The subject matter itself is likewise poignant. There is little sensual playfulness in Cézanne's oeuvre (he once confessed his Catholicism made him uneasy painting from nude models); when sex does rear its head, it's usually in paintings with titles like The Rape. Thus his  nudes splash about in an entirely different manner from Renoir's - and in a river of tears, probably; so it's no surprise The Large Bathers conveys a sense of erotic melancholy, even alienation, rather than joy.
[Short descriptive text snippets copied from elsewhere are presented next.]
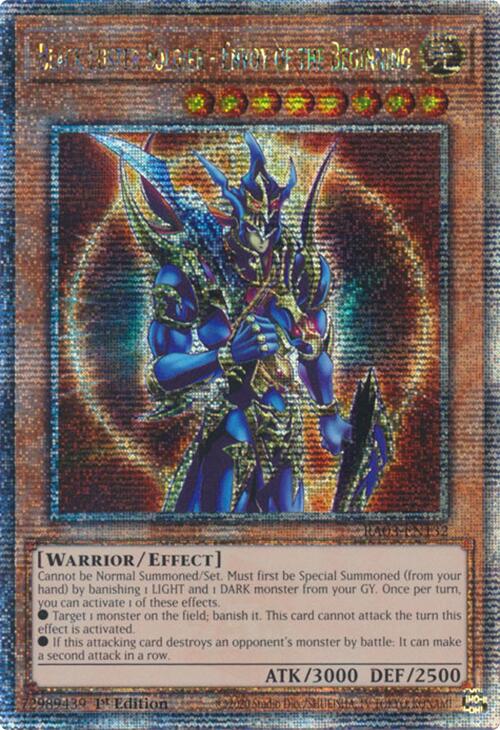 Black Luster Soldier - Envoy of the Beginning (Quarter Century Secret Rare) [RA03-EN132] Quarter Century Secret Rare | Card Merchant Takapuna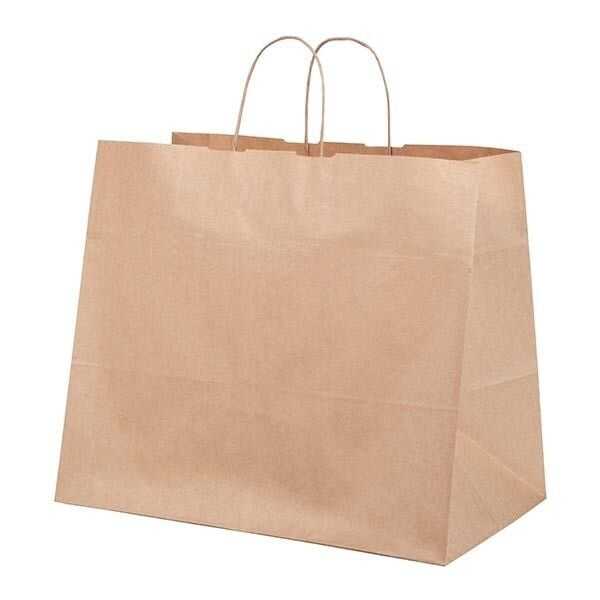 Ekonomik Kraft Naturel Çanta Jumbo Boy 36x24x30 cm - Ekonomik Kraft Naturel Çanta Jumbo Boy 36 cm eninde, 30 cm boyunda ve 24 cm taban genişliğinde, baskısız, kraft büküm saplı, 90 gr gramajında, kaliteli, geniş körüklü kraft kağıt çantadır.

Pastane, restaurant ve cafelerin pasta, salata ve yemek kabı gibi geniş tabanlı ürünlerinin paket servislerinde güvenilir taşıma sağlar.

Geniş tabanlı kraft kağıt poşet / çanta, geri dönüşümü yapılabilen doğa dostu bir üründür.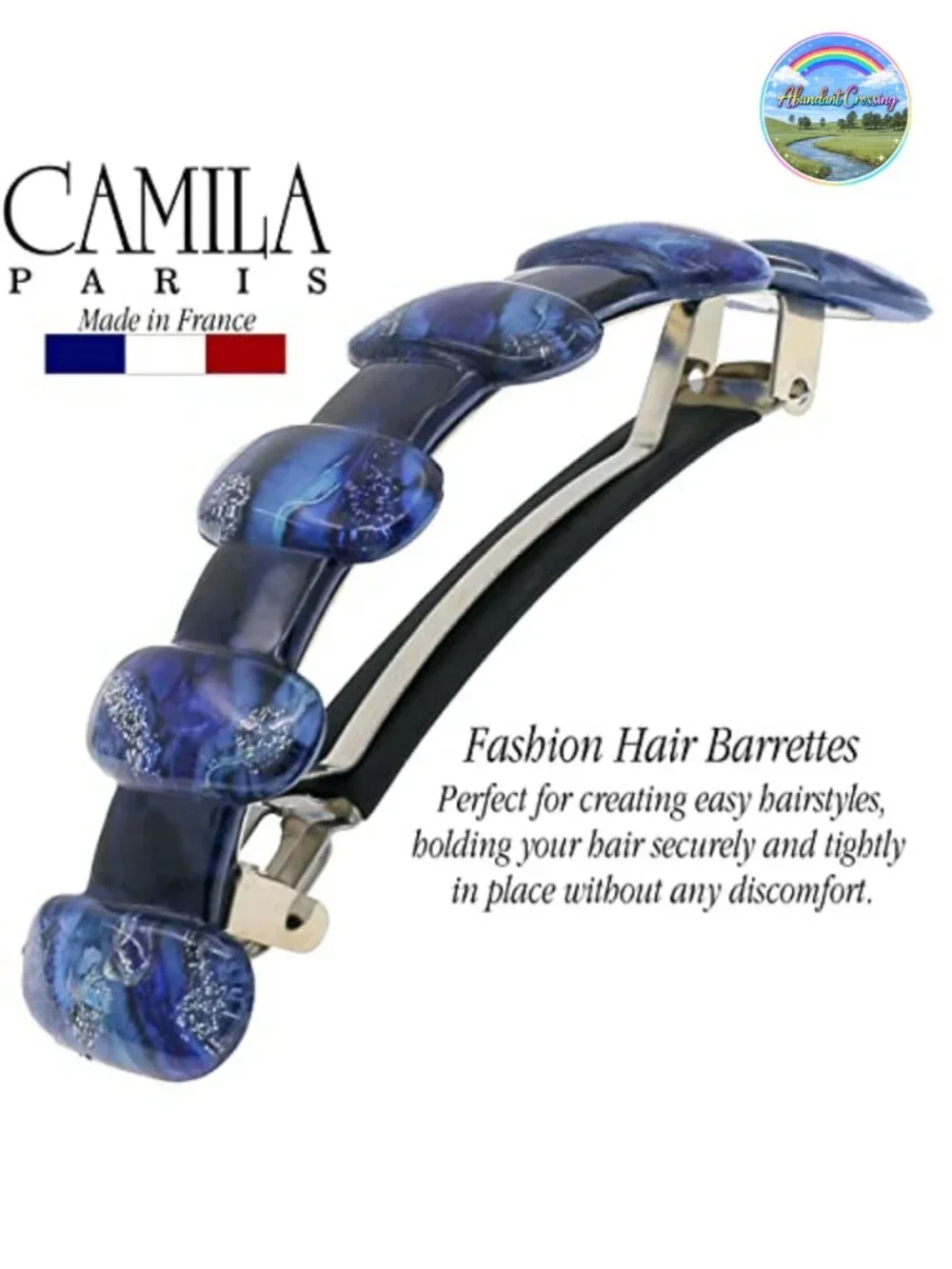 3.75in Automatic Clasp Hair Barrette Strong Hold No Slip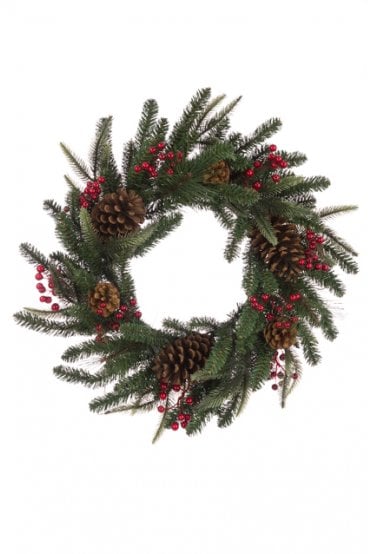 Artificial Berry Pine Wreath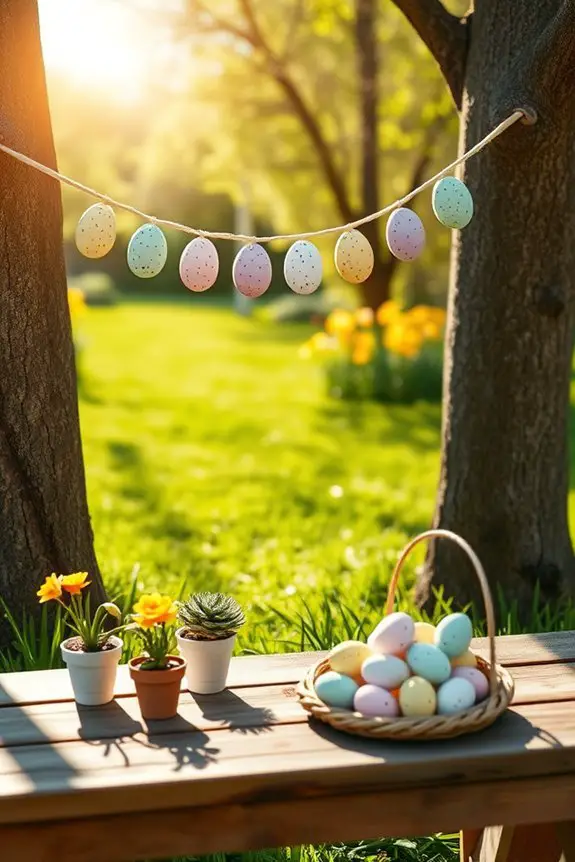 diy colorful egg garland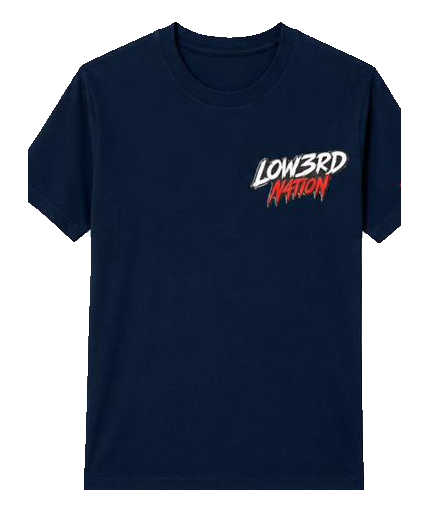 LOW3RD 13002 navy (white+shadow)
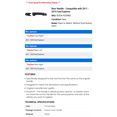 thumbnail image 2 of Door Handle - Compatible with 2011 - 2015 Ford Explorer 2012 2013 2014, 2 of 2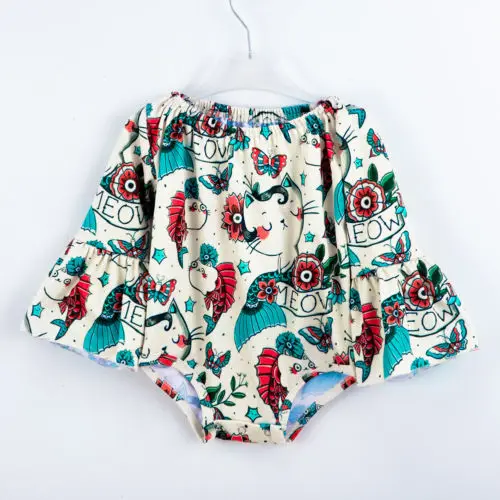 Новинка модные боди для новорожденных милый топ с рисунком рыбки и пузыря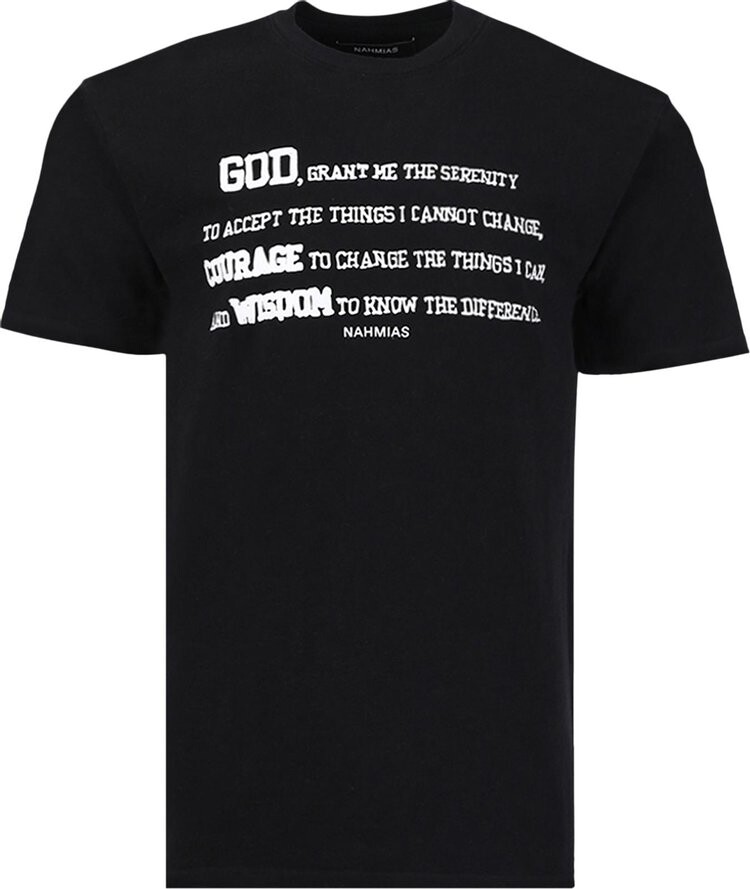 

Футболка Nahmias Serenity T-Shirt 'Black', черный
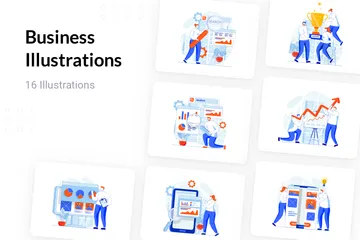 Business Illustration Pack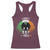 Funny St Patrick's Day Mothman Racerback Tank Top Lurky Vibes Shamrock Retro Ireland Flag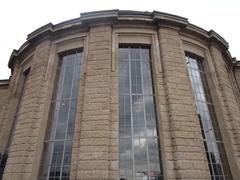 Alter Elbtunnel windows exterior view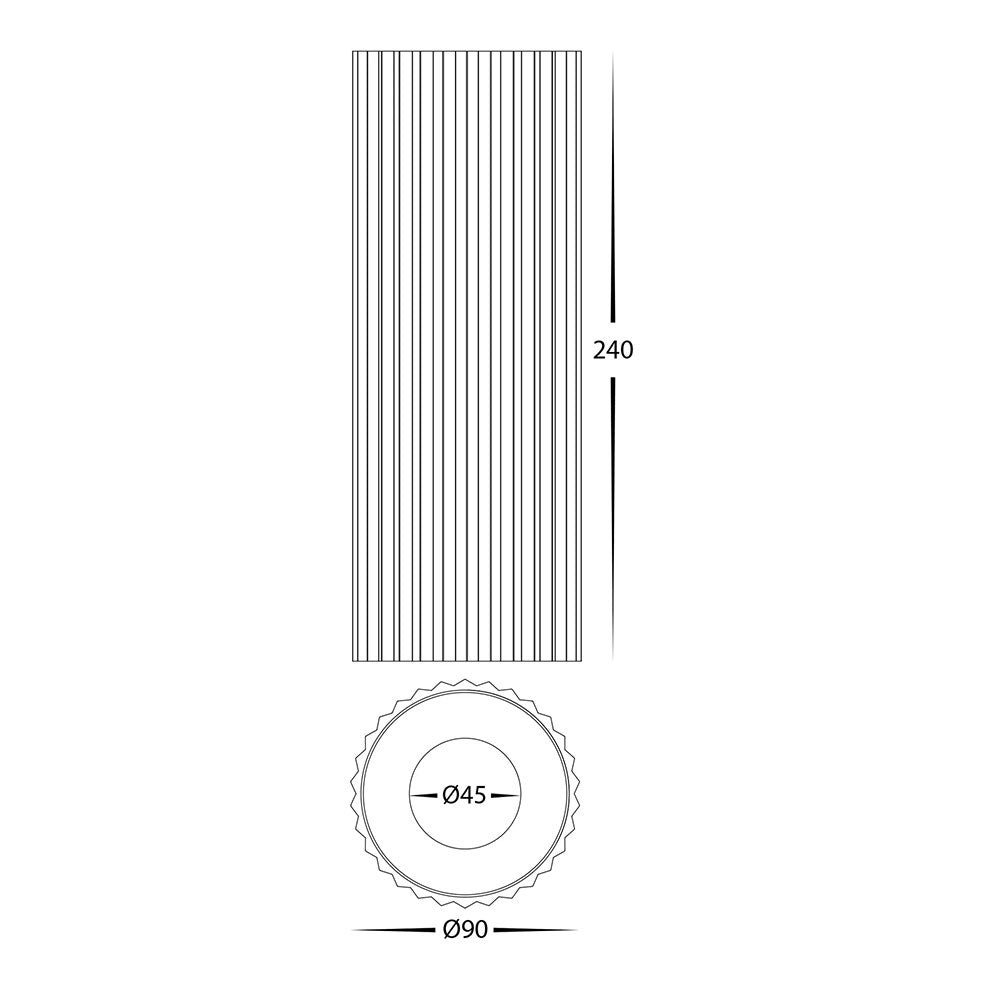 Nella 12W Quinto 240V LED Surface Mounted Downlight White - HV5852S-WHT-EXT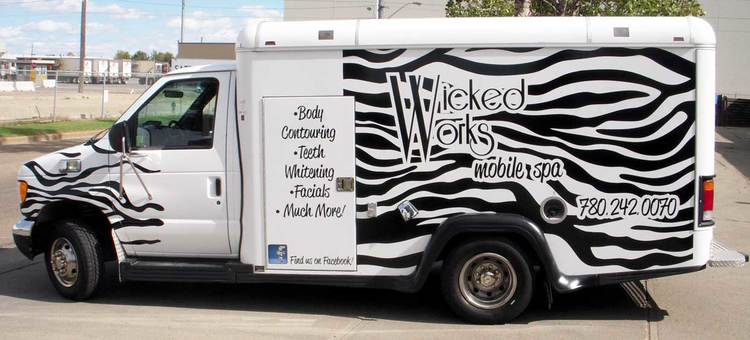 full car wrap on specialty vehicle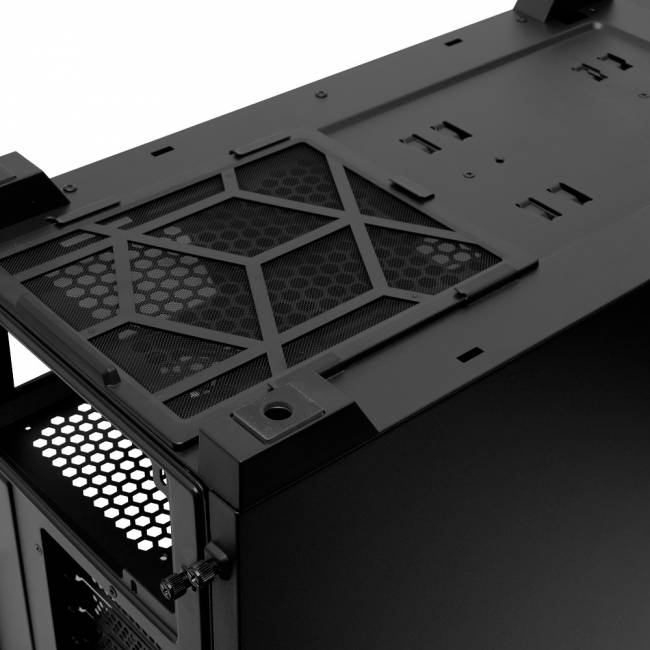 Корпус без блока питания HSPD M541-TGBK — для бизнеса и офиса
Which only makes one wonder whether the details of the picture aren't so much unpainted as being erased; perhaps Arcadia is fading, and these goddesses are ghosts. Needless to say, for Cézanne, who was always possessed by the solidity of things, by their very thing-ness, this haunted quality is something extraordinary.  No wonder then that the indistinct figure - his face mostly bare canvas - who stands at the center of the image, on the far shore, is looking, Janus-like, in two directions at once: backward at the garden of Eden, and forward to the little bourgeois town that beckons from the horizon.  Meanwhile Diana and her nymphs stare after him, but do not wave or call; perhaps they know modernity means saying good-bye forever.

And yet given all this, it's strange how the painting seems to quietly glow somehow.  Perhaps for Cézanne it was a kind of sunset.  After all, he died working on it. It was quite literally his last farewell.